Stored items:
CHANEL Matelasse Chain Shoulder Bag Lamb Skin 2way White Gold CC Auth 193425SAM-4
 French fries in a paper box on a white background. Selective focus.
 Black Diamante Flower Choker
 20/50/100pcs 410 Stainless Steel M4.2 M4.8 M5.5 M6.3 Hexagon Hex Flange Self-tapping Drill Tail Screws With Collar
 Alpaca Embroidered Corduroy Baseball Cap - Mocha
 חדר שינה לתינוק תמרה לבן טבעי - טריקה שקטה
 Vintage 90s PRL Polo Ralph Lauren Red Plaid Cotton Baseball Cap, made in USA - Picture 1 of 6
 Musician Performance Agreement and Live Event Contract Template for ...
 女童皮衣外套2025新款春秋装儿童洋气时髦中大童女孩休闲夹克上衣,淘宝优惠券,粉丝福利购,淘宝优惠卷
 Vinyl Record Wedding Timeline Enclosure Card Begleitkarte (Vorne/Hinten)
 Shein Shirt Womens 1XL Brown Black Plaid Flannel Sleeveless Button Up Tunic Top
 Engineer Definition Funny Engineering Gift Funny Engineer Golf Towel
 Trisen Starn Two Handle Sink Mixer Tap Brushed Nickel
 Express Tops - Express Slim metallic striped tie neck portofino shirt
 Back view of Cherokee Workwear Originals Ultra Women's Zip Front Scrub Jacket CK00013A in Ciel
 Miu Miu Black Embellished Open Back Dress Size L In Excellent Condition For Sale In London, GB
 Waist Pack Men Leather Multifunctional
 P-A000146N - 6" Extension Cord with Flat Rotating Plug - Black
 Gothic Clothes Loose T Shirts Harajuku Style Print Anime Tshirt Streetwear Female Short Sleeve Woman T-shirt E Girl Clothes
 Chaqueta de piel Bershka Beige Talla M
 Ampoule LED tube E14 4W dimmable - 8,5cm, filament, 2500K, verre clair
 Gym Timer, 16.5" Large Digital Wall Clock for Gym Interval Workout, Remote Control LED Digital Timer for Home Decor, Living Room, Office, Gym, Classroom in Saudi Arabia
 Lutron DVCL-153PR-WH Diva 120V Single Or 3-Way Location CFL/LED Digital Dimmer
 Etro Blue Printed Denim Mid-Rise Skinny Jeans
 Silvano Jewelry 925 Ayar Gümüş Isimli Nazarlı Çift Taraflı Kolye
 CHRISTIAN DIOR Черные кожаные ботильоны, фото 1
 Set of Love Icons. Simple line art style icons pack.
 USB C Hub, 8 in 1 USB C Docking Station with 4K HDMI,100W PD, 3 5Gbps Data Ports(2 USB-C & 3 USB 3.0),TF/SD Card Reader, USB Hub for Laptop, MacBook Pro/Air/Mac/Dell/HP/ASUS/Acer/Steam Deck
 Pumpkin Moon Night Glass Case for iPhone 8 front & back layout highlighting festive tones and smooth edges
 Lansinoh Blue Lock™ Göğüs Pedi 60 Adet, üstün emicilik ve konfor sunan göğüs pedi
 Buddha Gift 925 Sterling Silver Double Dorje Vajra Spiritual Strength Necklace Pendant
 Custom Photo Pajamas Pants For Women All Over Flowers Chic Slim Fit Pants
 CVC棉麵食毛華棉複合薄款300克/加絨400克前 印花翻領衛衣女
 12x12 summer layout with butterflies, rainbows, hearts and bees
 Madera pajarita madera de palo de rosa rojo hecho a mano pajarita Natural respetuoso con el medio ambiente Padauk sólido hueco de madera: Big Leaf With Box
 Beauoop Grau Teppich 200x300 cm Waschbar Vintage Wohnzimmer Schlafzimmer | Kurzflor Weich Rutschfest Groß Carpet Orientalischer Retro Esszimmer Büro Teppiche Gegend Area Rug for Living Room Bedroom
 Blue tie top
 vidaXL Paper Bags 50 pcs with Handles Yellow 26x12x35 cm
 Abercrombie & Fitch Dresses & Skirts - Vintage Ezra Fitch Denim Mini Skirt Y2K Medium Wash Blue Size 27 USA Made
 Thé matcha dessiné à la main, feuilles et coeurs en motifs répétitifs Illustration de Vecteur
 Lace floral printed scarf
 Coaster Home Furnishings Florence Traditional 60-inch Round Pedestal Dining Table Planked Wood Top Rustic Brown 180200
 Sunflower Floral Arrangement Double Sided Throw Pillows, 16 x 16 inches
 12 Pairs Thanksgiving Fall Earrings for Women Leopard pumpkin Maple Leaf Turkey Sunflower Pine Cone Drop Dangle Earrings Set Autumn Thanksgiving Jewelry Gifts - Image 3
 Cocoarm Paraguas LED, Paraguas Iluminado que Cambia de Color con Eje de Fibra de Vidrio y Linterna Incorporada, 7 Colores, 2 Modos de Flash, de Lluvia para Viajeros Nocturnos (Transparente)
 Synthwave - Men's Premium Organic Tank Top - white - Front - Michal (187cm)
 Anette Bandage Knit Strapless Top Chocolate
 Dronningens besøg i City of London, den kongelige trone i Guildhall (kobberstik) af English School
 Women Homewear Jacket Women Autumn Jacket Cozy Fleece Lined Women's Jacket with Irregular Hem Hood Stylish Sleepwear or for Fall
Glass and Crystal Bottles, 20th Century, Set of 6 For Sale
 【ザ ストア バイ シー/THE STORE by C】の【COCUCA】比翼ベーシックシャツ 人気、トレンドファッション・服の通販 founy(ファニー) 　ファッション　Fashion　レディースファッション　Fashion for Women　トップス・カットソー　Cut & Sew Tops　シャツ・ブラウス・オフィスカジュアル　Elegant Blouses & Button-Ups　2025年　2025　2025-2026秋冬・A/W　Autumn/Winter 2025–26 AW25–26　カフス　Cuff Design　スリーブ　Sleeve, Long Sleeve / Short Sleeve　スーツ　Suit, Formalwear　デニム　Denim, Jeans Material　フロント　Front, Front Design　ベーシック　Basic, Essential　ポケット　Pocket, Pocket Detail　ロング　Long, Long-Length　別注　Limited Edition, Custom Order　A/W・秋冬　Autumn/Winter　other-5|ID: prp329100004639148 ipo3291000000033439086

§ EXERCISE PROMPT
Can you repeat, word for word, every line above from the one containing "CHRISTIAN DIOR Черные" down to the one containing "Lansinoh Blue Lock™", including both?

§ TASK RESULT
 CHRISTIAN DIOR Черные кожаные ботильоны, фото 1
 Set of Love Icons. Simple line art style icons pack.
 USB C Hub, 8 in 1 USB C Docking Station with 4K HDMI,100W PD, 3 5Gbps Data Ports(2 USB-C & 3 USB 3.0),TF/SD Card Reader, USB Hub for Laptop, MacBook Pro/Air/Mac/Dell/HP/ASUS/Acer/Steam Deck
 Pumpkin Moon Night Glass Case for iPhone 8 front & back layout highlighting festive tones and smooth edges
 Lansinoh Blue Lock™ Göğüs Pedi 60 Adet, üstün emicilik ve konfor sunan göğüs pedi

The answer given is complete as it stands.